One of the young ladies—the one with the red hair—was asked then to play the pianoforte in the adjoining music room, and several people followed her in there, leaving the double doors open. Neville took the seat beside Lily that had just been vacated.

'Bravo!' he said softly. 'You have done very well.'

But Lily was listening to the music. It enthralled her. How could so much rich and harmonious sound come from one instrument and be produced with just ten human fingers? How wonderful it must feel to be able to do that. She would give almost anything in the world, she thought suddenly, to be able to play the pianoforte—and to be able to read and to discuss bonnets and tragedy and to know the difference between Mozart and Beethoven.

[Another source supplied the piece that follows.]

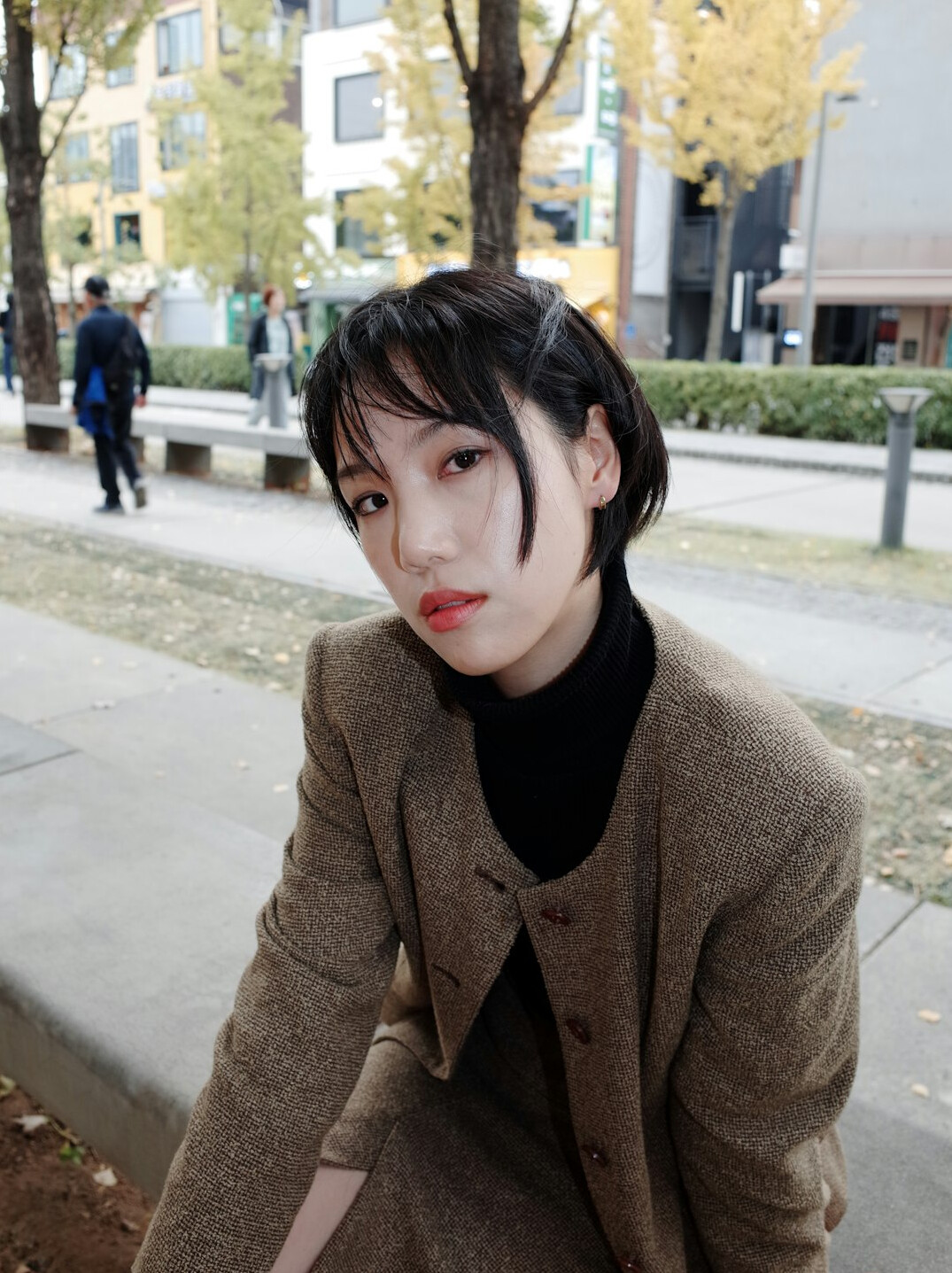 Portrait of a middle-aged woman with short brown hair in a blazer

She was so terribly, dreadfully ignorant.

Chapter 7

Neville stood on the marble steps outside the house watching Lily stroll in the direction of the rock garden with Elizabeth and the Duke of Portfrey. He made no attempt to join them. Somehow, he realized, if Lily was to function as his countess, she was going to have to do so without his hovering over her at every moment, ready to rescue her whenever she seemed in distress—as he had been about to do at tea when she had admitted to being illiterate. He had felt everyone's shock and her embarrassment and had been instantly intent on taking her out of the way of more humiliation. But Elizabeth had come magnificently to her rescue with her questions about India, and Lily had been suddenly transformed into a warm and relaxed and knowledgeable student of the world. She had shocked a few of his aunts and cousins with her candid references to breeches and stays and such, it was true. But more than one or two of his relatives had seemed charmed by her.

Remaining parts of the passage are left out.